É pelo minimalismo que Jacoby imprime um tom de deboche sutil sobre o circuito de arte, “principalmente contemporânea”, seus meios e suas demandas, no acabamento que ganha ares pop pela colaboração de Alejandro Ros. Não à toa a obra central do espaço, 1400 Taças, é uma grande mesa sobre as que as tais peças do título reluzem “à espera dos 1400 convidados que virão para o vernissage”, explicou, rindo, à redação de seLecT às vésperas da inauguração da exposição. 

Simultaneamente, um audio simula conversas e burburinhos típicos desses eventos, interrompidos por tiros de metralhadora mesclados a sons de copos quebrando-se. Tensão? Não, dúvida. No instante seguinte, todos aplaudem, “não fica claro se é uma performance ou um atentado”, segundo o autor. A obra tem a qualidade da surpresa que os sons sugerem à imaginação do espectador.

Essa mesma audioinstalação contradiz outra de suas obras, um Silêncio em letras pretas gigantes aplicado diretamente à parede da galeria. “É meio uma brincadeira para pedir concentração do público, pedir atenção para as obras”, diz Jacoby, embora concorde com a leitura de que a obra faz menção à imposição de um comportamento específico apropriado ao cubo branco.

Nem mesmo o tempo corre de forma linear nesse espaço expositivo: a série de seis relógios girando desgovernadamente ganha sentido com seu título, Dinheiro, que insinua a perda da organização temporal em meio às demandas do capital. 

O inusitado surge nas obras de parede que flertam com o formalismo geométrico e a arte cinética para captar e subverter aspectos do cotidiano engessados pelas convenções sociais, como o círculo imitando mármore pelo qual deslizam suavemente duas pequenas xícaras, alusão ao hábito portenho de resolver questões em encontros públicos em torno das mesas dos cafés.
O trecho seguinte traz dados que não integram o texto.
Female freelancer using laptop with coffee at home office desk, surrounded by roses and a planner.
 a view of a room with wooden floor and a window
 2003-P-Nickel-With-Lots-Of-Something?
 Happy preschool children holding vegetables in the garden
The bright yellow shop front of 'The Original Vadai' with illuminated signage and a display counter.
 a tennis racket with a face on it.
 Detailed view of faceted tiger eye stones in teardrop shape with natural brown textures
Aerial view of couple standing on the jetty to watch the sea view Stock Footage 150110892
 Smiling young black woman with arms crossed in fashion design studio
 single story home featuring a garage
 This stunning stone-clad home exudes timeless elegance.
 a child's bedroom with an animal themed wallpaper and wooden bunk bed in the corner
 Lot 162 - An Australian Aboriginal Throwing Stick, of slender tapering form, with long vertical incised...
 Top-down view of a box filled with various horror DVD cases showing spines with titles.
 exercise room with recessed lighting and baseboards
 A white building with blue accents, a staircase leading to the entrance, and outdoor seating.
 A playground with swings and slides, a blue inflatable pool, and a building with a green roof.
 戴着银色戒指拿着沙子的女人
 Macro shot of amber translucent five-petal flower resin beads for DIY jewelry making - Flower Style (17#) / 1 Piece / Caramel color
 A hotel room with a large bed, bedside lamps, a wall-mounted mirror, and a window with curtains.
O nome da obra, Autorretrato, insinua uma ideia de artista que, à custa de poder produzir seu trabalho, precisa enfrentar a burocracia das intermináveis reuniões e negociações.

Ainda na estética de Autorretrato, a obra Adaptación consiste em “dois retângulos negros aparentemente perfeitos, que remontam à tradição construtivista”. Subitamente, o primeiro é arranhado internamente por dedos, com se alguém estivesse preso em seu interior, e do outro salta uma faca. “Com isso, rompe-se essa ideia de normalidade, há o efeito do estranhamento e do susto”, diz Jacoby, no recurso que remete ao cinema de David Lynch.

Todas as obras são inéditas, à exceção das máscaras redondas que remetem à arte primitiva africana da performance Dark Room, em que os atores executavam uma coreografia precisa mesmo com a impossibilidade de ver através das máscaras, sem buracos nos olhos, que o artista criou em 2005. Apenas as “cabeças” brancas e boquiabertas encaram o público do alto da parede, imitando a possível expressão do espectador.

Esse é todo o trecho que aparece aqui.